Starting locally and now nationally, the Uber taxi service has been throttled at birth in Spain. This seems to be because, whenever an existing group of operators here screams "unfair competition", the authorities (political and judicial) step in to protect it. Last month's example was the hotel industry in Andalucia. Which was upset at people letting out their private properties. Does this happen elsewhere around the world?
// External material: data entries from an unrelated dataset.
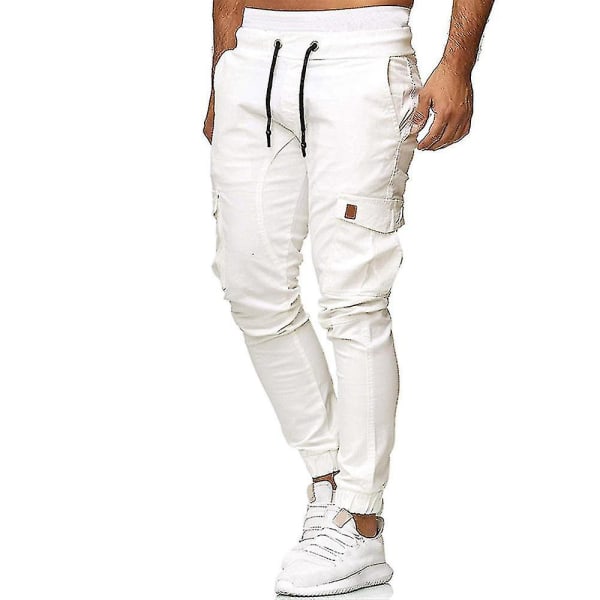 Miesten Joustava Vyötärö Cargo Taskut Housut Slim Fit Sport Combat Resorit housut CMK White XL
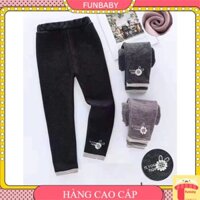 Quần nỉ lót lông cho bé 3-7 tuổi thêu hoa và trái tim dáng ôm cực ấm kiểu dáng dễ thương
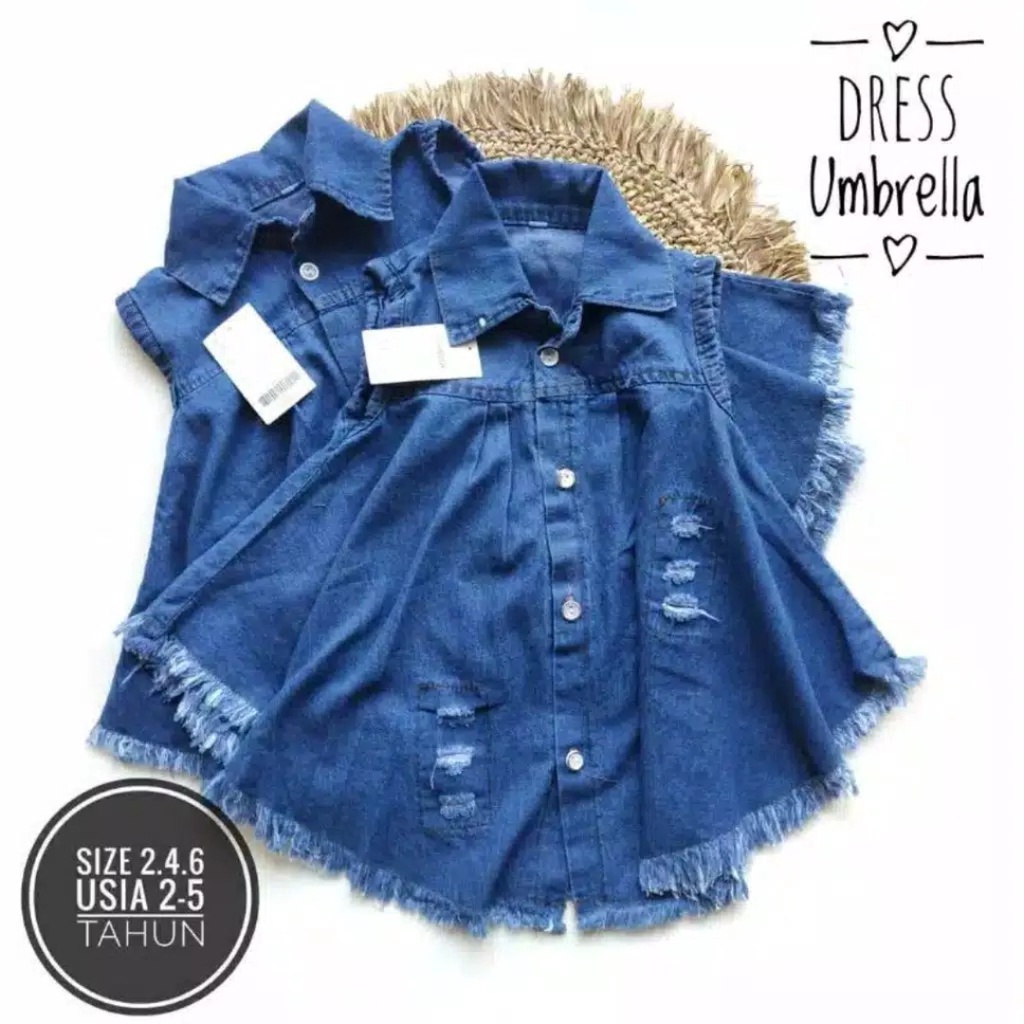 DRESS RAWIS DRESS JEANS ANAK 2-4 th Dress Anak Jeans DRESS UMBERELA ANAK / DRESS UMBERELA RAWIS / DRESS ANAK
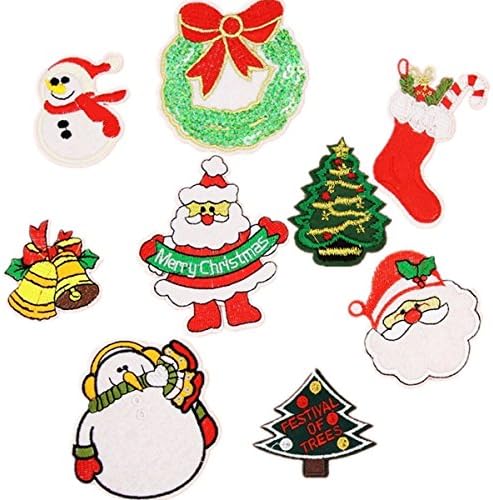 Meatilk 9pcs Christmas Santa Claus DIY Embroidered Iron Sewing on Applique Patches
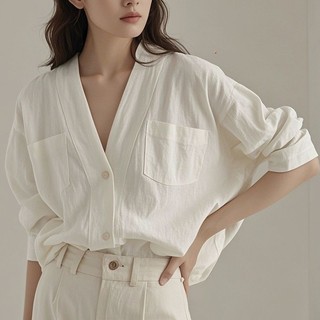 Áo Sơ Mi Trắng Nữ Pháp Cổ Chữ v Nguyên Chất Cotton Rời Dài Tay Top Ôm Hơn-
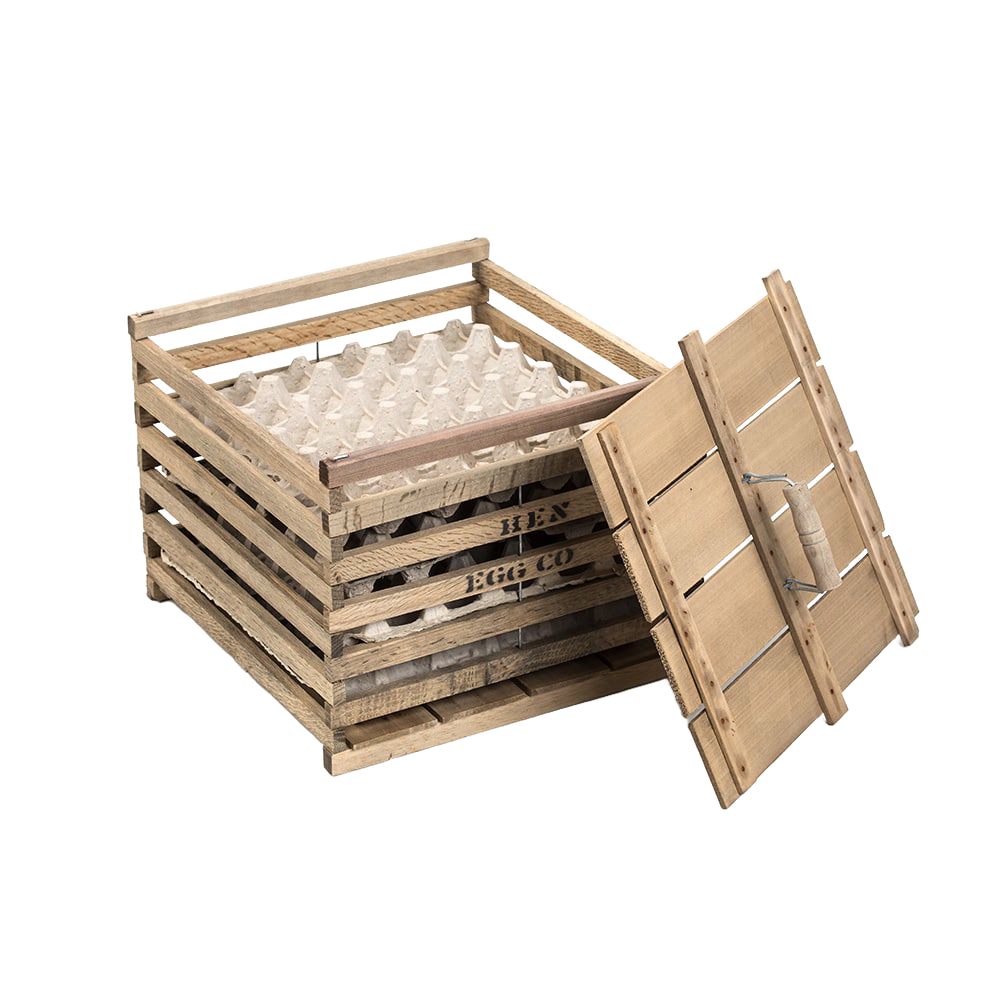 Handcrafted wooden egg crate with a slatted design and removable lid, ideal for safely carrying eggs on the farm or as a rustic barn accessory in animal care and chicken collections.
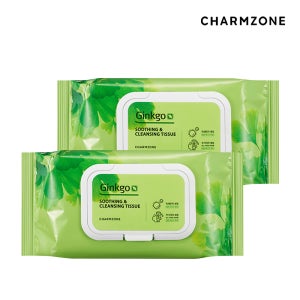 참존 징코 수딩 앤 클렌징 티슈 353g 미세먼지 선크림세정 70매, 2개
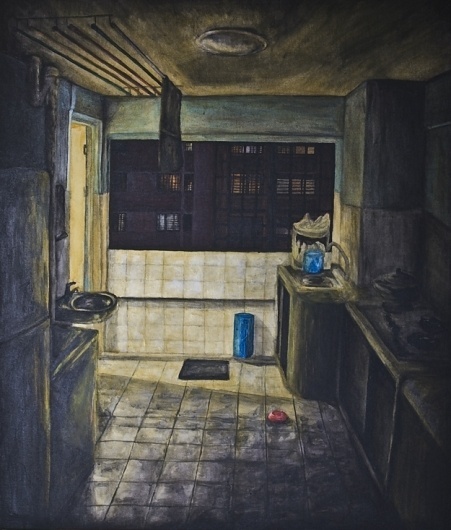 FACTORY 16 11 » 4 a.m #realistic #color #conceptual #nostalgia #night #painting #art #singapore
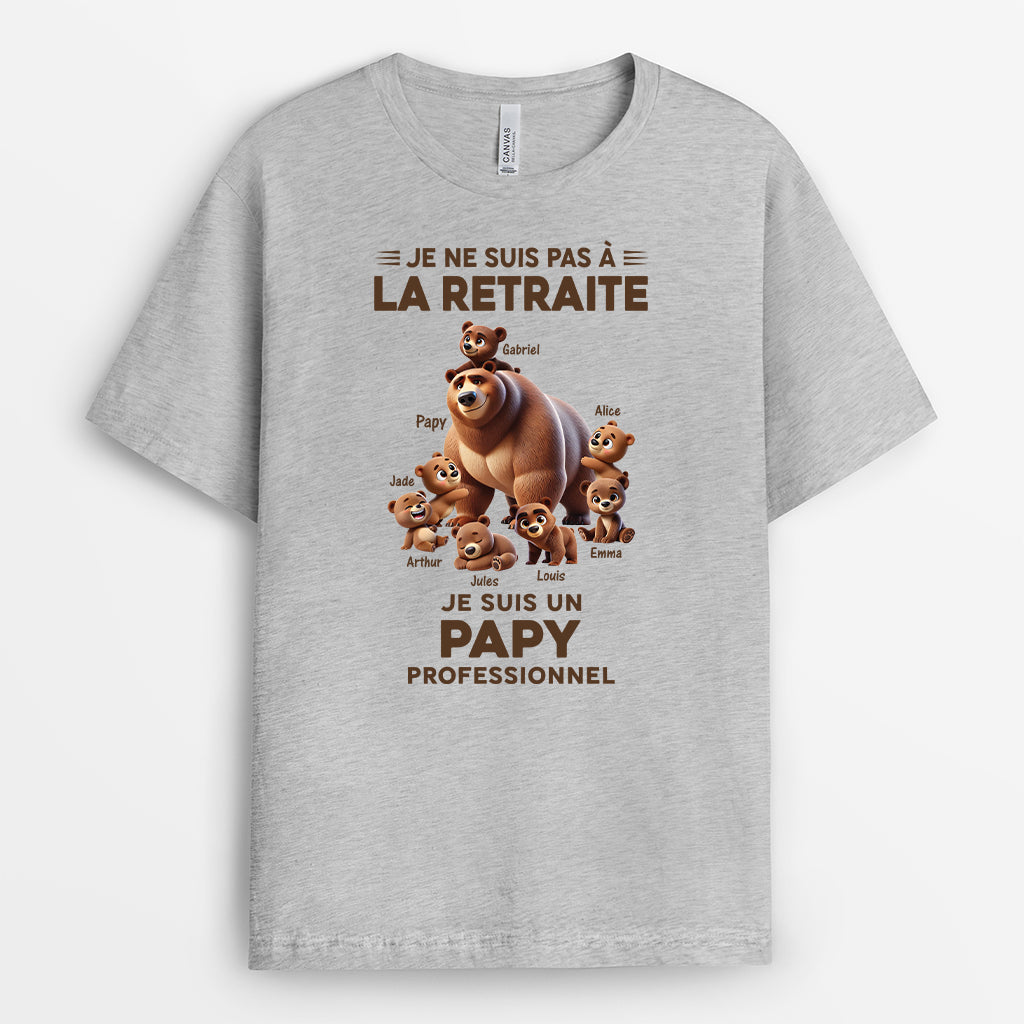 4369AFR2 t shirt personnalise retraite mamie ours professionnelle design cartoon version blanc 4369a5m3a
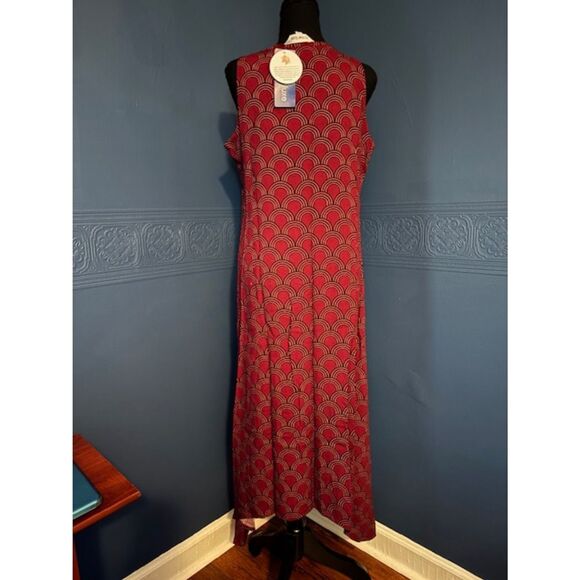 La Mer Luxe Sleeveless Cora Midi Dress in Cannea Crimson Black Color Sz M - Picture 2 of 2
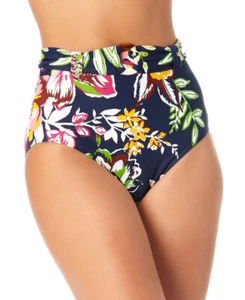 Anne Cole Women's High Waist Floral-Print Swim Bottoms (Navy Tropical, Medium) - Picture 1 of 2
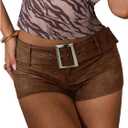Floerns Women's Y2k Leather Mini Shorts Low Rise Buckle Belt Skinny Night Out Short Pants (Brown)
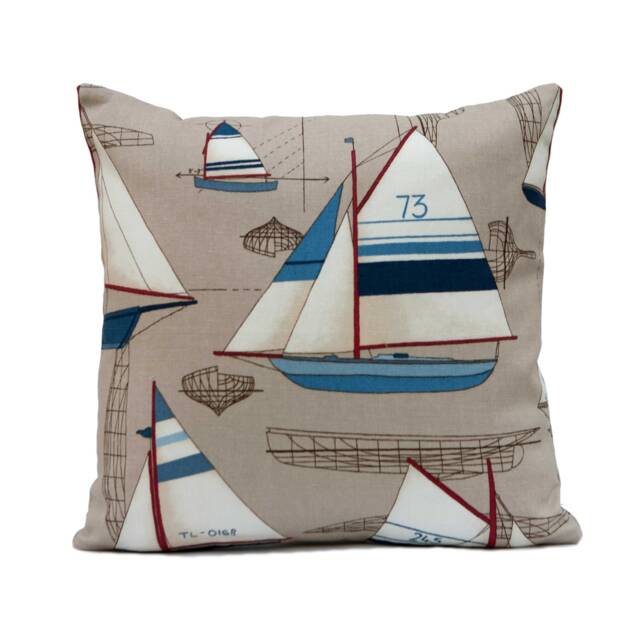 Tan Pillow, Throw Pillow Cover, Decorative Cushion Covers, Pillowcase, Accent Toss Linen, Boat Drawing Pattern - image 1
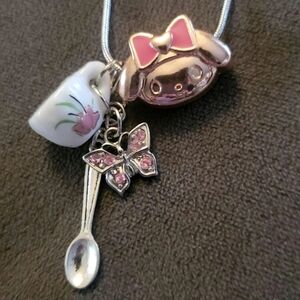 My Melody Pink Tea Party Necklace with Teacup, Butterfly, & Mini Spoon Charm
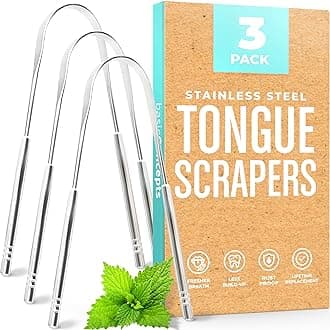 Mouthology Tongue Scraper for Adults (3 Pack) - Improved Tongue Cleaning & Fresh Breath, Stainless Steel Tongue Scraper, Metal Tongue Scraper, Tongue Sweeper Kids Tongue Scraper, Ayurvedic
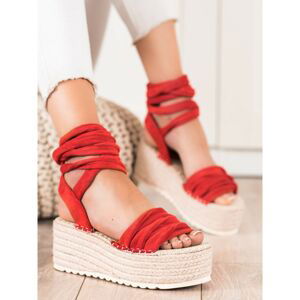 SEASTAR TIED SANDALS ON A HIGH PLATFORM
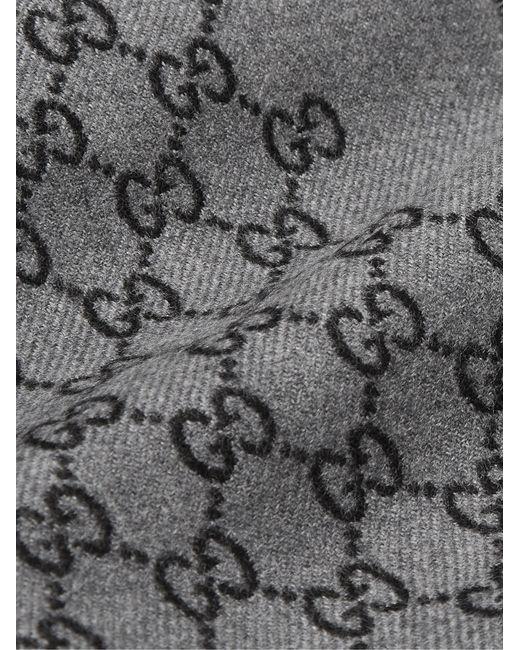 Gucci Gray Reversible Logo-Print Wool Scarf for men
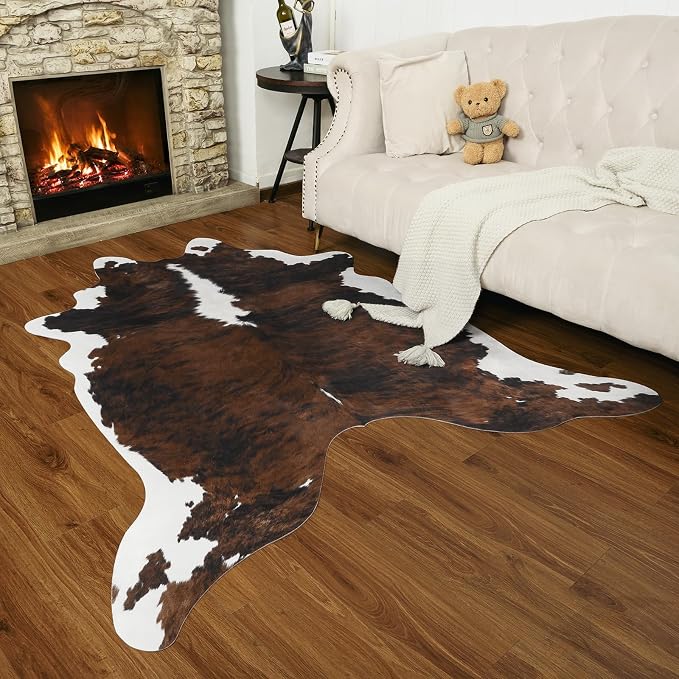 Faux Cowhide Rug, Animal Cow Hide Rug, 4.6 x 5.2 Ft Black and Brown | Premium - Image 7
Thanks to the (apparent) popularity of the new left-wing party, Podemos, Spain's governing PP party has said it will consider a German-style grand coalition with the opposition socialist party if it wins the next election but without an absolute majority. It's also claimed it's willing to tackle corruption jointly with the PSOE party. These promises would be more effective, of course, if anyone believed a word the PP says. Such is the legacy of decades of dishonesty and flagrant corruption.
Returning to the Grand Mosque in Córdoba . . . Here's a virtual tour of that magnificent construction.
And here's a headline you're unlikely ever to see again - Neo-Nazi mauled by lions at Barcelona Zoo.
For obvious reasons, I went to a computer shop today. While waiting to be served, I noticed 3 clocks on the wall, with the time in Rumania, Ecuador and Morocco. Which says something, I guess. Though perhaps not very much as the shop offered a money transfer service. By the way, the nearest Apple tech service set-up to me is in Valladolid.
Finally . . . Today I gave my elder daughter a copy of The Times bought on her birthday in 1994. She looked at the first page and asked: "Where's the large foto of a pretty blond?". When she opened the paper, she found a small spider wrapped in a cocoon of its own silk in one of the folds. So . . . How long has it been there, we wondered. Incidentally, I've no idea why I kept a paper from 1994. Nor why a spider would wrap itself up like that.
PS 1: For those who were, like me dismayed at the demise of Google Reader, I've found Feedly to be a decent replacement.
PS 2: Apologies for typing €10,000 yesterday, as regards Pontevedra's stainless steel poles. It should, of course, have been €100,000. I put it down to using my daughter's laptop.
PS 3: Has anyone read "Tony Blair - A Journey" and enjoyed it?